即ユーザー転嫁を実施へ ―遅れる商慣習は是正をー

 ガソリンの仕切価格は24日(土)から約2円50銭/Lの値上げとなった。週決めでは大幅な値上げとなるため、販売業者もユーザー転嫁に取り組むことになる。ただ、末端市況は10月から連続して値下がりしている状況下にあるため、販売業者の足並みが揃うかが注目される。
 仕切価格の値上げは土曜日からの実施となるが、ユーザー転嫁は火曜日か水曜日になるのが通例となっている。これは、値上げが土曜日から実施となっても、実際にSSのタンクにあるガソリン在庫は値上がり以前のものであるため値上げせず、従来の価格で販売することにしているもので、大抵はコスト増が回収できないケースとなる。
 その後、仕切価格が値上げされたガソリンを仕入れたものから値上げして販売するという後入り先き出しの商慣習に基づいている。さらに周辺SSの対応をみながら牽制することもあり、値上げ時期は大幅に遅れるのが常である。
 今回も24日(土)から仕切価格は値上がりとなるが、ユーザー転嫁は遅れるため、みずほ総合研究所の調査価格(26日の月曜日)には反映されないことも予想される。まだ値下がりする地区も出る公算もあり、下げ止めとなれば良しとなる。そのため値上がりの結果が出るのは、1週間遅れとなりそうである。
 仕切価格の値下げの場合は、先取りして、仕切価格の改定前に末端市況が値下がりすることになり「値上げは遅れ、値下げは速い」ことが販売業界の慣習として残っている。
 仕切価格の値上がりに対して、即転嫁できずに、周辺のSSの様子を見て対応することは、先行して値上げするとユーザーに割高な印象を与えることになり販売シェアを失う懸念が常にあるためである。価格競争が常に存在することから、止むを得ない面もあるが、販売業者間で市場形成に対して、採算販売を重視するコンセンサスづくりが求められるしかし、HCなどの異業種、量販店などが渾然としているため、協調は難しいという実態である。

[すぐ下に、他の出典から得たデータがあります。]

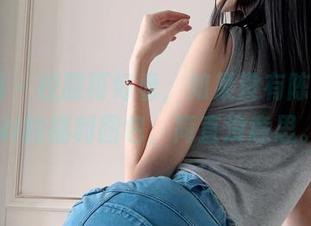 微密圈 – 校服再好看，如果没有陈妮妮UNI的福利图包，简直没意思。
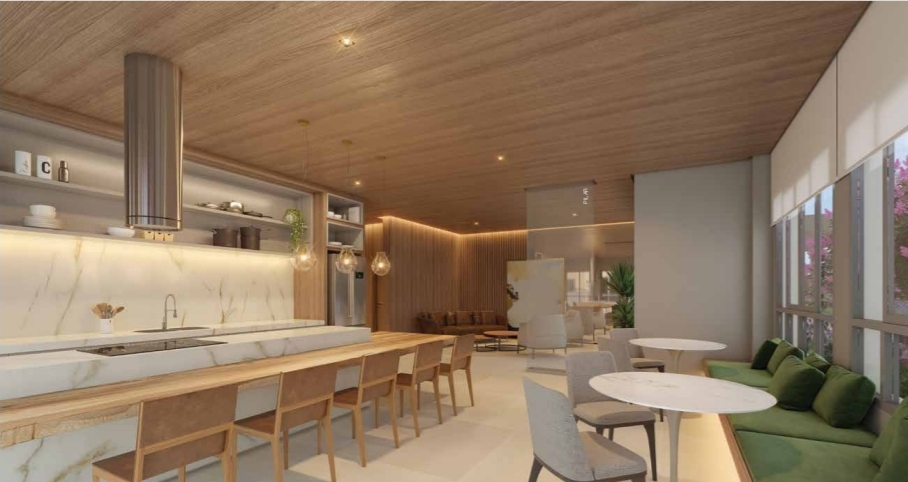 Imagem Apartamento com 3 Quartos à Venda, 118 m²em Mooca - São Paulo Imagem Apartamento com 3 Quartos à Venda, 118 m²em Mooca - São Paulo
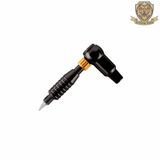 THUNDER DRIVE + GRIP PACKAGE IN BLACK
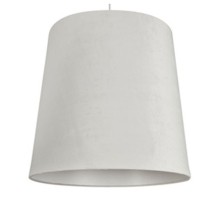 Подвесной светильник Nowodvorski Cone M 8442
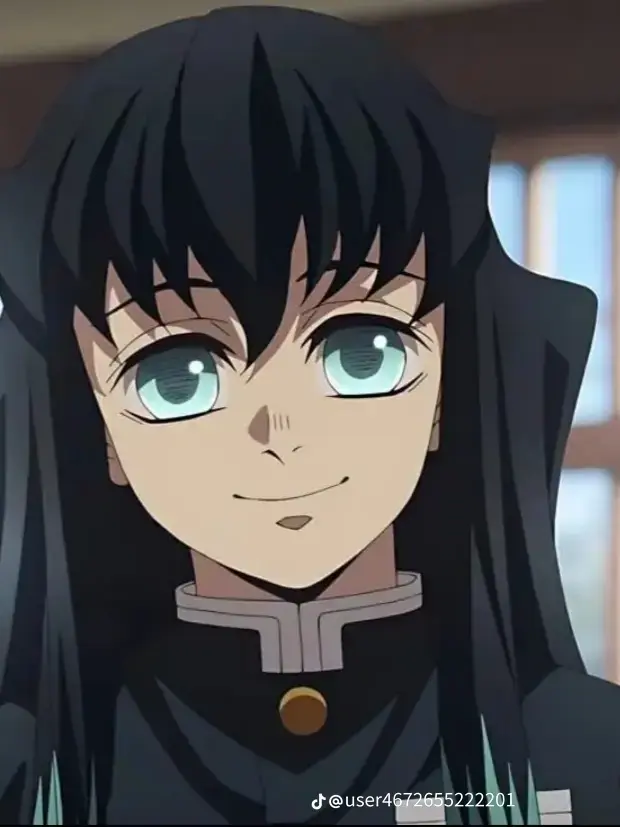 hihihihih-의 당신과 무이치로 그리고 여우와 수련회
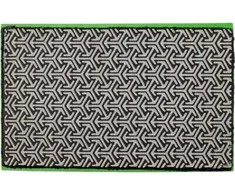 YATO šlifavimo kempinė deimantiniu paviršiumi 90x60x30mm P200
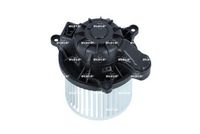 NRF 34606 - Ventilador habitáculo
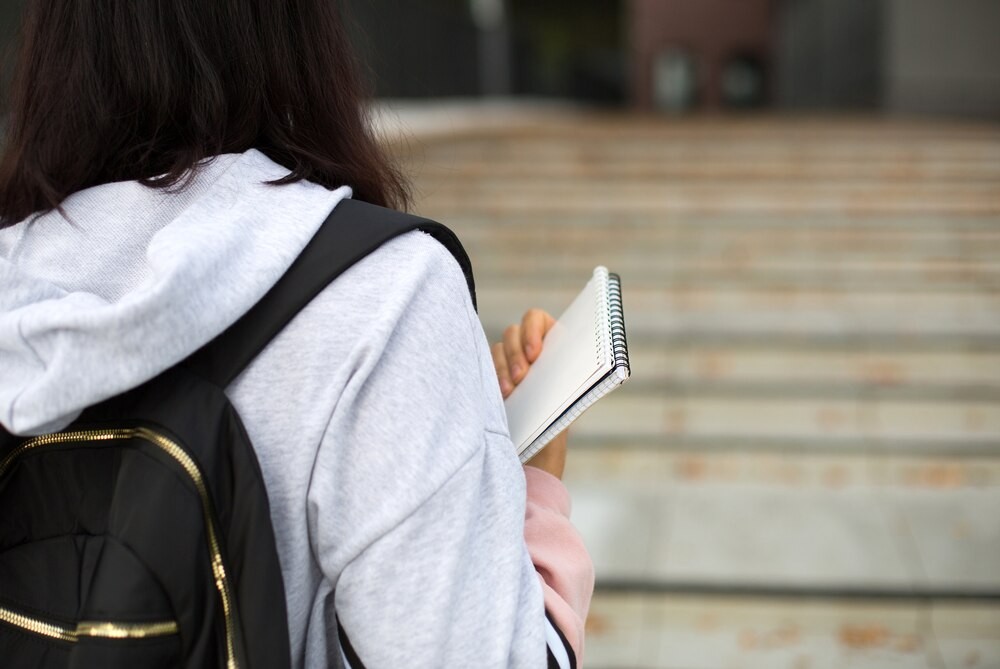 Ekodoradca edukuje przedszkolaki o czystym powietrzu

 ユーザー転嫁が遅れる商慣習では、在庫は値上げ前の安い玉であり、仕入れる玉は値上げされているため運転資金は不足する。そのため、即小売価格に転嫁しないと販売業者が値上げ分を負担することになり逆ザヤとなる。値上げが続いていればよいが、直後に値下がりすると転嫁するタイミングを失うことになり、値上げ分は回収できず赤字となる。
 元売の仕切価格改定は、週決め(週中)で実施、直近の原油価格、業転市況、他社の動向をみて対応しており、コストを回収できる方式が定着している。市況の変動でマージンの増減はあるが、一定のマージンは確保されており、赤字となるケースは解消されている。原油価格が下落したため在庫評価損が発生して赤字となるケースもあるが、週決めによる
新体系を導入してからは、本業の石油事業では黒字となっているため、経営は安定している。
 一方、販売業者は、依然としてコストが転嫁できずに赤字経営が続いている。その結果、撤退するSSが後を絶たず、年間で約2000ヵ所のSSが減少している。ガソリン需要が減少していることもあるが、採算販売に徹してマージンが確保できる体制をつくる時期にきている。